◆ Your objective:
Among the entries below, extract exactly the lines that run from the one with "Botanisch Herbarium Olijfgroen" through the one with "Imagem -03 - Pure", both ends included.
=== Section Start ===
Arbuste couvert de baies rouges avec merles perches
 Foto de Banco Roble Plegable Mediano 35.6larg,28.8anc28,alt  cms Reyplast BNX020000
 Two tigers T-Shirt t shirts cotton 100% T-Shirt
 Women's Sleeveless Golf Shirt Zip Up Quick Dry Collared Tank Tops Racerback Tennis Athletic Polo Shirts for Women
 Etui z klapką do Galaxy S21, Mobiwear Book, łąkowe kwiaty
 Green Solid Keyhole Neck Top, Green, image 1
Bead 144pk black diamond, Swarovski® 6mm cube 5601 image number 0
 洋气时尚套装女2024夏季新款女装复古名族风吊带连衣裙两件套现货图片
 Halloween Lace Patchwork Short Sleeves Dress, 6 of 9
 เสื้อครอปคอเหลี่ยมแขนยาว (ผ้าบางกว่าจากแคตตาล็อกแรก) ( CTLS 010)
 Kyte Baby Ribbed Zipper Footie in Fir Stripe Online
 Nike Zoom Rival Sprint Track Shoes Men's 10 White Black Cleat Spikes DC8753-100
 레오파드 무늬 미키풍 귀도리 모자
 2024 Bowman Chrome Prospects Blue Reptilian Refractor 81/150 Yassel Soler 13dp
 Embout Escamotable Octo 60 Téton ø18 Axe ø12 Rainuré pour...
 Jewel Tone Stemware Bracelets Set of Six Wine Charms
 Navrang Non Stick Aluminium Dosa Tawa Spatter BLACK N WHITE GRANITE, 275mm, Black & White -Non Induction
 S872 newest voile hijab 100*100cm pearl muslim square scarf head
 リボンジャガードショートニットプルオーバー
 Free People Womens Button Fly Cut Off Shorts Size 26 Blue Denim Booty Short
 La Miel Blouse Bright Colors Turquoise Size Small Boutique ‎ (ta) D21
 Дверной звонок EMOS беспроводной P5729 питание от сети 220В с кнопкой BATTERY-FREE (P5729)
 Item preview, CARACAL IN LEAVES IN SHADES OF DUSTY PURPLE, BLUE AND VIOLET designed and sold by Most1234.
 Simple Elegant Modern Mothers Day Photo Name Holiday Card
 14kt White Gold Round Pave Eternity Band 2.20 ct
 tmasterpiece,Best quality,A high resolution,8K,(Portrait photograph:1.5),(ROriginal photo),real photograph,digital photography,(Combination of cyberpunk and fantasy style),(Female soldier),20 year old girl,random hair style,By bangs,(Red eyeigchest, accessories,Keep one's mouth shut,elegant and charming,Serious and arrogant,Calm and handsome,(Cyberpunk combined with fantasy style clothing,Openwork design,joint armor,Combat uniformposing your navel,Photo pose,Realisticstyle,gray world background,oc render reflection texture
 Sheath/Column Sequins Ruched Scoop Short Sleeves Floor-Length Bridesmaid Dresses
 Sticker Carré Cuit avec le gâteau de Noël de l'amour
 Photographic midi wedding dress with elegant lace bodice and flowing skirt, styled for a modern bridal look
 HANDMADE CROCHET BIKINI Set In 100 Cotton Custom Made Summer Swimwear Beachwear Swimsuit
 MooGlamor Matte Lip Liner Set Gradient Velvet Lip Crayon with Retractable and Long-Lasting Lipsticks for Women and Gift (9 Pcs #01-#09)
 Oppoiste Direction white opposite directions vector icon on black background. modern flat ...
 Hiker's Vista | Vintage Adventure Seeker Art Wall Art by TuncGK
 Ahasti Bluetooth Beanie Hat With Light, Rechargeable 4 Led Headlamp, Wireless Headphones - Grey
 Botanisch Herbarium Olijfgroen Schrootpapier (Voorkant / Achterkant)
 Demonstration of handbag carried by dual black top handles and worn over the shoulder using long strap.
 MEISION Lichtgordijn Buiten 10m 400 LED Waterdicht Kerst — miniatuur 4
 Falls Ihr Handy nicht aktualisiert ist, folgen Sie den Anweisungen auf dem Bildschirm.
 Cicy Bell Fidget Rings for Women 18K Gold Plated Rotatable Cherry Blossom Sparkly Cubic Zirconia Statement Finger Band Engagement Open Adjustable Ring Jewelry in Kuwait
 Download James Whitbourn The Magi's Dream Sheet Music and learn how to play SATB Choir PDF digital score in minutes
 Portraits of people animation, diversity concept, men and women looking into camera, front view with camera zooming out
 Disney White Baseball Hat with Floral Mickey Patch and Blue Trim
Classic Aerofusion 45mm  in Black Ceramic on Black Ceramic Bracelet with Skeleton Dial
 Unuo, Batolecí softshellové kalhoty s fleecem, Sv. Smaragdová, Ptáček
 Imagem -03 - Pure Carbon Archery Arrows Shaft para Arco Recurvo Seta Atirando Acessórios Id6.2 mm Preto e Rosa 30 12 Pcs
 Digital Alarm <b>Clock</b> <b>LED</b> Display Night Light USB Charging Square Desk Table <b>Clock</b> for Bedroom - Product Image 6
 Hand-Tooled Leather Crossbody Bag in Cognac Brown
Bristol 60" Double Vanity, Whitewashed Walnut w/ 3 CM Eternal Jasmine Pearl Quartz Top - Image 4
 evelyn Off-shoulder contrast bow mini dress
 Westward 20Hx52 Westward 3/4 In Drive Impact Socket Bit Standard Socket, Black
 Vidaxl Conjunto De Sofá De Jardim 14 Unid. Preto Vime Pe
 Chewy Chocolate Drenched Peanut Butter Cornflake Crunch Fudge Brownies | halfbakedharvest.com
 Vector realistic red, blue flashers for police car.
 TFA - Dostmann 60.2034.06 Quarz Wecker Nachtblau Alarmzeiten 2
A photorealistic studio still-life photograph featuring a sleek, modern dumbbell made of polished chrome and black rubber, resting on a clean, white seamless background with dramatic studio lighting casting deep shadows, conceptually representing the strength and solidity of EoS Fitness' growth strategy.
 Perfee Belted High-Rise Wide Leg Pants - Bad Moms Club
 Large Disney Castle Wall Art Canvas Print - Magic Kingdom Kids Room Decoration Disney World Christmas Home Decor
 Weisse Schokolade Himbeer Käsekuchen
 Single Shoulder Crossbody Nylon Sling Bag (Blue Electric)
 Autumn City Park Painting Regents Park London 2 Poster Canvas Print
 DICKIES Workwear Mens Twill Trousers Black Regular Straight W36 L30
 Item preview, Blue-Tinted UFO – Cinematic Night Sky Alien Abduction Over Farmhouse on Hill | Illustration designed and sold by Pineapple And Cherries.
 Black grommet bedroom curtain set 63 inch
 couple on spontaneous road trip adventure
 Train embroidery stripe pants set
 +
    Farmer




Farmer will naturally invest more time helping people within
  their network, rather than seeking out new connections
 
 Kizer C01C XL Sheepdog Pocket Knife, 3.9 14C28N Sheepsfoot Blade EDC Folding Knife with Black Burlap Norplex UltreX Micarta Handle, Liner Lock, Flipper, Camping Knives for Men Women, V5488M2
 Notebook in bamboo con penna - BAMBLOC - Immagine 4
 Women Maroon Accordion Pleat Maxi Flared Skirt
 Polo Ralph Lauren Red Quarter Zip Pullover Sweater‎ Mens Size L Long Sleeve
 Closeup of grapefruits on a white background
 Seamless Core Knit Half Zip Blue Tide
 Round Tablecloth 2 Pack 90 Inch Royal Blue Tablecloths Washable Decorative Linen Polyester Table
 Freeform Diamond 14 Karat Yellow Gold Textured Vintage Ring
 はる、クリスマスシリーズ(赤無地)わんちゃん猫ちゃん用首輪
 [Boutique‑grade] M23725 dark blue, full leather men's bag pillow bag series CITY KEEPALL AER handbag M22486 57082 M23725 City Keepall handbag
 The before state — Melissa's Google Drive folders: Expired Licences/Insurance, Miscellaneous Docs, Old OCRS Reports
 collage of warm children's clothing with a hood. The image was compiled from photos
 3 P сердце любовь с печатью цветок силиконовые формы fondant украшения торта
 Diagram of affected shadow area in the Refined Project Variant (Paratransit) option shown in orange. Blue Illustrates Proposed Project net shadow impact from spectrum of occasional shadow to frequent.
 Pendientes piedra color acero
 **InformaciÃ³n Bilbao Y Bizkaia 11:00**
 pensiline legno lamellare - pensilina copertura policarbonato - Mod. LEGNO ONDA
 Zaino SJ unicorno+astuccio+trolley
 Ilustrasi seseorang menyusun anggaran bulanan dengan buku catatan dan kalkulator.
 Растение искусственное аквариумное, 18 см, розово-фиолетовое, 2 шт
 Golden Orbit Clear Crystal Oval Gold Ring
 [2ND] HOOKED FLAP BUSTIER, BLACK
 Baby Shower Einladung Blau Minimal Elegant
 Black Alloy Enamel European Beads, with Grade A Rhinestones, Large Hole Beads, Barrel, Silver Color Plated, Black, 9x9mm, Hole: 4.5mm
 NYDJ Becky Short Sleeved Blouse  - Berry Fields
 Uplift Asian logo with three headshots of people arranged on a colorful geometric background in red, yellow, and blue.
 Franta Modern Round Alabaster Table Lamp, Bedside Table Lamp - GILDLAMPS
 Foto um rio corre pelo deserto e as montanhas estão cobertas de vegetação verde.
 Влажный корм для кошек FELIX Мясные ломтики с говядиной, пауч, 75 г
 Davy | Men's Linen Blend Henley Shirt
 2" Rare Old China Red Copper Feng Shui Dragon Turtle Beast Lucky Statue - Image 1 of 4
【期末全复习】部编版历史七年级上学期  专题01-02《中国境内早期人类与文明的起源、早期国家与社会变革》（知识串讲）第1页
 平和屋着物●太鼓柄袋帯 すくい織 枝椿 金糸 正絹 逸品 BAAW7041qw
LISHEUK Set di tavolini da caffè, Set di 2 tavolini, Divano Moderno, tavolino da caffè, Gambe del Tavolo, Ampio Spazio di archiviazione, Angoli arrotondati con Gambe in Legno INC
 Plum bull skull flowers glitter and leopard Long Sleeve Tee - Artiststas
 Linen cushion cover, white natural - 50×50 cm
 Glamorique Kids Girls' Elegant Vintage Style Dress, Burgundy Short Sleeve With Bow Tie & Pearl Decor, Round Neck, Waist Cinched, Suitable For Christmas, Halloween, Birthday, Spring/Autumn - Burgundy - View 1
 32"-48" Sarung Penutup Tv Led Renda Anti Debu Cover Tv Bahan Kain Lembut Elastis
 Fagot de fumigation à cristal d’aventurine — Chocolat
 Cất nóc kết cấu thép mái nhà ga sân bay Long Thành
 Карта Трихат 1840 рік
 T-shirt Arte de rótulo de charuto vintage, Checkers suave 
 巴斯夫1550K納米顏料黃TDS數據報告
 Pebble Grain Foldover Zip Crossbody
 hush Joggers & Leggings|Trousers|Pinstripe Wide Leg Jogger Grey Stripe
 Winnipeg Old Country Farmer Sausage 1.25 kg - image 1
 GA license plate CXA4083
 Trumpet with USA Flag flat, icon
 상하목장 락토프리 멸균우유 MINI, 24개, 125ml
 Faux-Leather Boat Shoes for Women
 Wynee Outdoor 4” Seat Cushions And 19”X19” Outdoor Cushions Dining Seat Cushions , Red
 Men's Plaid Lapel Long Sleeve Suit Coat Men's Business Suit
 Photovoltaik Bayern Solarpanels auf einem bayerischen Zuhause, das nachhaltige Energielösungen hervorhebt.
=== Section End ===
◆ Result of this exercise:
 Botanisch Herbarium Olijfgroen Schrootpapier (Voorkant / Achterkant)
 Demonstration of handbag carried by dual black top handles and worn over the shoulder using long strap.
 MEISION Lichtgordijn Buiten 10m 400 LED Waterdicht Kerst — miniatuur 4
 Falls Ihr Handy nicht aktualisiert ist, folgen Sie den Anweisungen auf dem Bildschirm.
 Cicy Bell Fidget Rings for Women 18K Gold Plated Rotatable Cherry Blossom Sparkly Cubic Zirconia Statement Finger Band Engagement Open Adjustable Ring Jewelry in Kuwait
 Download James Whitbourn The Magi's Dream Sheet Music and learn how to play SATB Choir PDF digital score in minutes
 Portraits of people animation, diversity concept, men and women looking into camera, front view with camera zooming out
 Disney White Baseball Hat with Floral Mickey Patch and Blue Trim
Classic Aerofusion 45mm  in Black Ceramic on Black Ceramic Bracelet with Skeleton Dial
 Unuo, Batolecí softshellové kalhoty s fleecem, Sv. Smaragdová, Ptáček
 Imagem -03 - Pure Carbon Archery Arrows Shaft para Arco Recurvo Seta Atirando Acessórios Id6.2 mm Preto e Rosa 30 12 Pcs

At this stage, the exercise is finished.